One fascinating thing I learned is that Kubernetes puts the CA certs for the kube-apiserver in every Namespace, under a ConfigMap called kube-root-ca.crt.

This SecretStore can then be used to take the Secret created by Rook for the S3 bucket and rewrite it to fit the expectations of the Harbor chart as follows:

apiVersion: external-secrets.io/v1beta1
kind: ExternalSecret
metadata:
  name: "harbor-s3-secret"
  labels:
    homelab/part-of: harbor
spec:
  secretStoreRef:
    name: harbor-secrets-store
    kind: SecretStore
  refreshInterval: "1h"
  target:
    creationPolicy: 'Owner'
  data:
    - secretKey: REGISTRY_STORAGE_S3_ACCESSKEY
      remoteRef:
        key: harbor
        property: AWS_ACCESS_KEY_ID
    - secretKey: REGISTRY_STORAGE_S3_SECRETKEY
      remoteRef:
        key: harbor
        property: AWS_SECRET_ACCESS_KEY

This will have external-secrets go to the kube-apiserver and get the AWS_SECRET_ACCESS_KEY and AWS_ACCESS_KEY_ID keys from the harbor Secret, which was previously created automatically by Rook through the ObjectBucketClaim I used to create the S3 bucket for Harbor.

And with these five simple manifests, I could use the Rook S3 Secret with the Harbor Helm chart. 😅

One last thing which tripped me during setup were the registry credentials.
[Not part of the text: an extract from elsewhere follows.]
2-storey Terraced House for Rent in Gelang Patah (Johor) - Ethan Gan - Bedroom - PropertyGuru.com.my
The values.yaml contains these comments on how to set up the credentials:

registry:
  credentials:
    username: "harbor_registry_user"
    password: "harbor_registry_password"
    # If using existingSecret, the key must be REGISTRY_PASSWD and REGISTRY_HTPASSWD
    existingSecret: ""
    # Login and password in htpasswd string format. Excludes `registry.credentials.username`  and `registry.credentials.password`. May come in handy when integrating with tools like argocd or flux. This allows the same line to be generated each time the template is rendered, instead of the `htpasswd` function from helm, which generates different lines each time because of the salt.
    # htpasswdString: $apr1$XLefHzeG$Xl4.s00sMSCCcMyJljSZb0 # example string
    htpasswdString: ""

What I did not initially get from that comment was that when using an existing Secret, both the clear text password and the htpasswd string are required. This initially put me into an amusing conundrum: I did not have a single host where I had htpasswd available. 😂 I ended up using the Apache container just to generate the htpasswd string:

docker run -it httpd htpasswd -n -B my-harbor-registry-user

I then put that string into the Secret verbatim and was finally able to start the Harbor instance.
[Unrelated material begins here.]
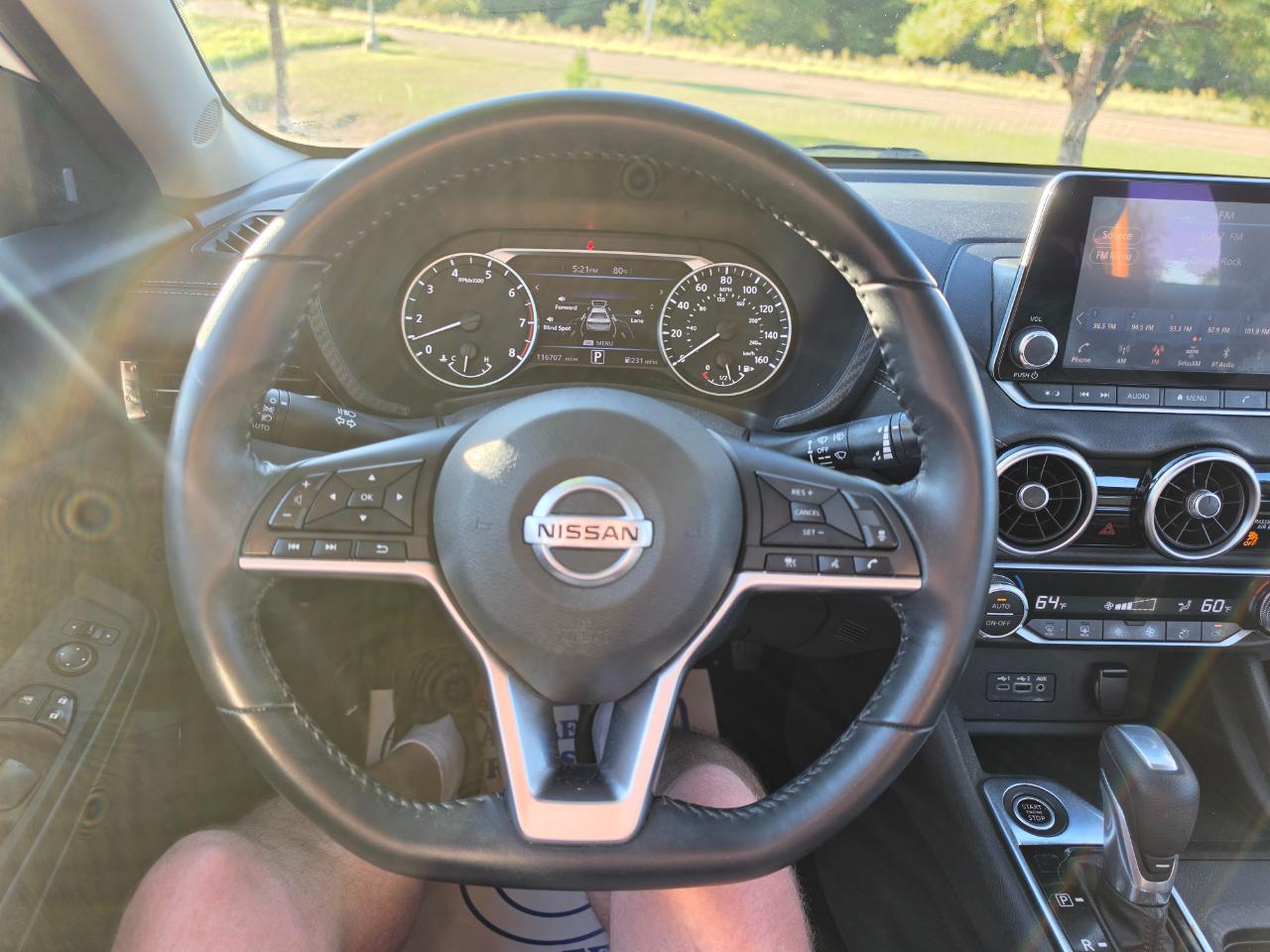 Nissan Sentra SV 2020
Transferring my internal images to Harbor

The first step I took was to transfer all of my internal images over to Harbor, by adapting the CI jobs which create them and pointing them to Harbor.

I’ve currently got five internal images, most of them just copies of official images with some additions. I create them with Drone CI, which I will switch over to Woodpecker later as part of the migration.
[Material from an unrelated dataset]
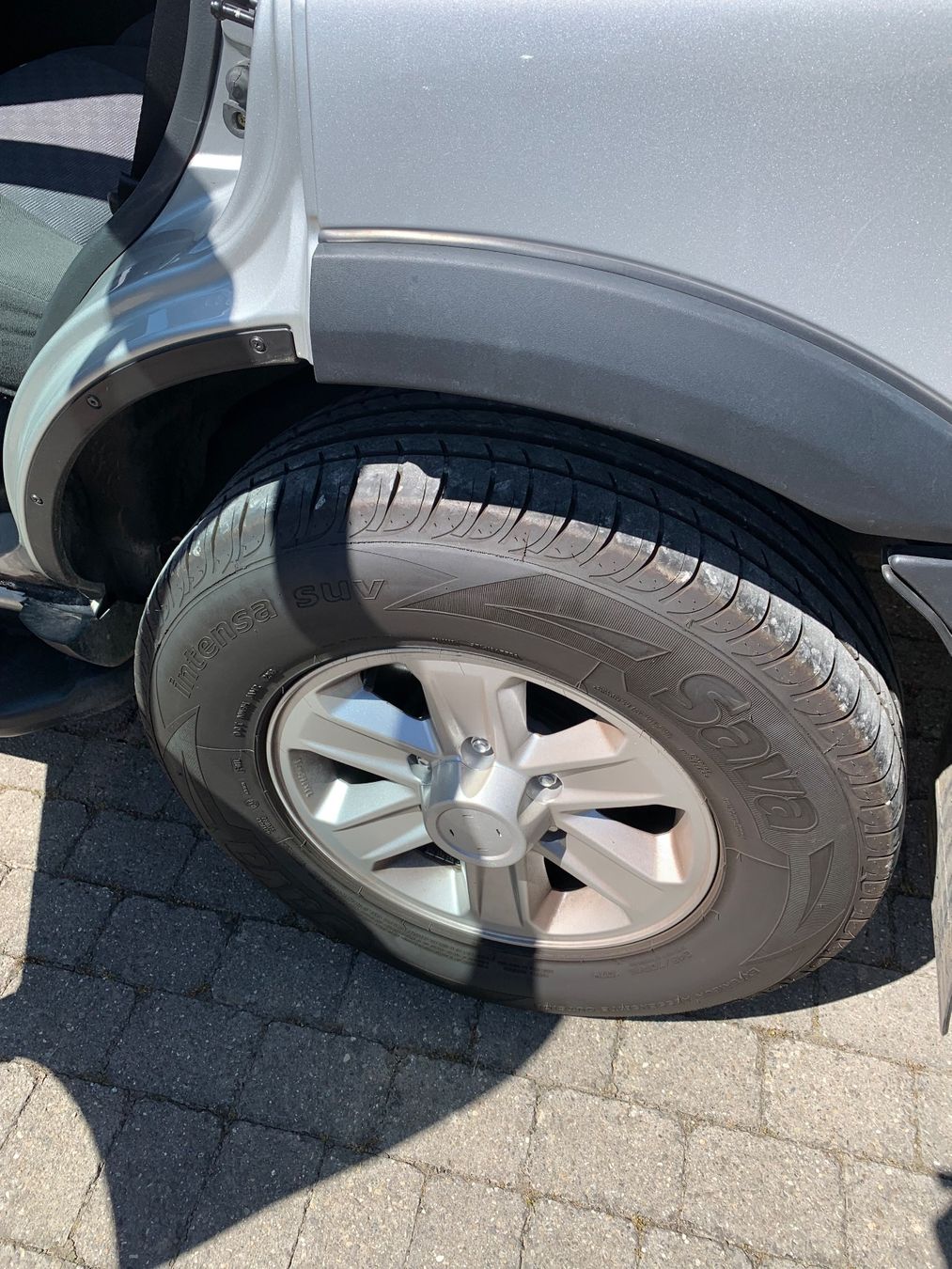 Opel Automobili: Opel Frontera B 3.2 Liter V6 – Usato da Villmergen venduto da Nico50 7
The first step in transferring the images was to set up a user for the CI in Harbor. This can be done with the Harbor Terraform provider, but I did it manually for now. Then I created a “homelab” project for those Docker images.

For my image repository, which houses the Dockerfiles for most of my internal images, I have a .drone.jsonnet file which looks like this:

local alpine_ver = "3.19.1";

local Pipeline(img_name, version, pr, alpine=false, alpine_ver_int=alpine_ver) = {
  kind: "pipeline",
  name:
      if pr then
        "Build "+img_name
      else
        "Release "+img_name,
  platform: {
    arch: "arm64",
  },
  steps: [
    {
      name:
      if pr then
        "Build Image"
      else
        "Release Image",
      image: "thegeeklab/drone-docker-buildx",
      privileged: true,
      settings: {
        repo: "harbor.example.com/homelab/"+img_name,
        registry: "harbor.example.com",
        username: "myuser",
        password: {
          from_secret: "harbor-secret",
        },
        dockerfile: img_name+"/Dockerfile",
        context: img_name+"/",
        mirror: "https://harbor-mirror.example.com",
        debug: true,
        buildkit_config: 'debug = true\n[registry."docker.io"]\n  mirrors = ["harbor.example/dockerhub-cache"]\n[registry."quay.io"]\n  mirrors = ["harbor.example.com/quay.io-cache"]\n[registry."ghcr.io"]\n  mirrors = ["harbor.example.com/github-cache"]',
        tags: [version, "latest"],
        custom_dns: ["10.0.0.1"],
        build_args: std.prune([
          img_name+"_ver="+version,
          if alpine then
            "alpine_ver="+alpine_ver_int
        ]),
        platforms: [
          "linux/amd64",
          "linux/arm64",
        ],
        dry_run:
        if pr then
          true
        else
          false
      },
    }
  ],
  trigger:
    if pr then
    {
      event: {
        include: [
          "pull_request"
        ]
      }
    }
    else
    {
      branch: {
        include: [
          "master"
        ]
      },
      event: {
        exclude: [
          "pull_request"
        ]
      }
    }
};

local Image(img_name, version, alpine=false, alpine_ver_int=alpine_ver) = [
  Pipeline(img_name, version, true, alpine, alpine_ver_int),
  Pipeline(img_name, version, false, alpine, alpine_ver_int)
];

Image("gitea", "1.21.10")

This configuration uses buildkit via the drone-docker-buildx plugin, which is no longer actively developed. One of the reasons why I’m planning to migrate to Woodpecker. I’m creating images for both arm64 and amd64, as most of my Homelab consists of Raspberry Pis.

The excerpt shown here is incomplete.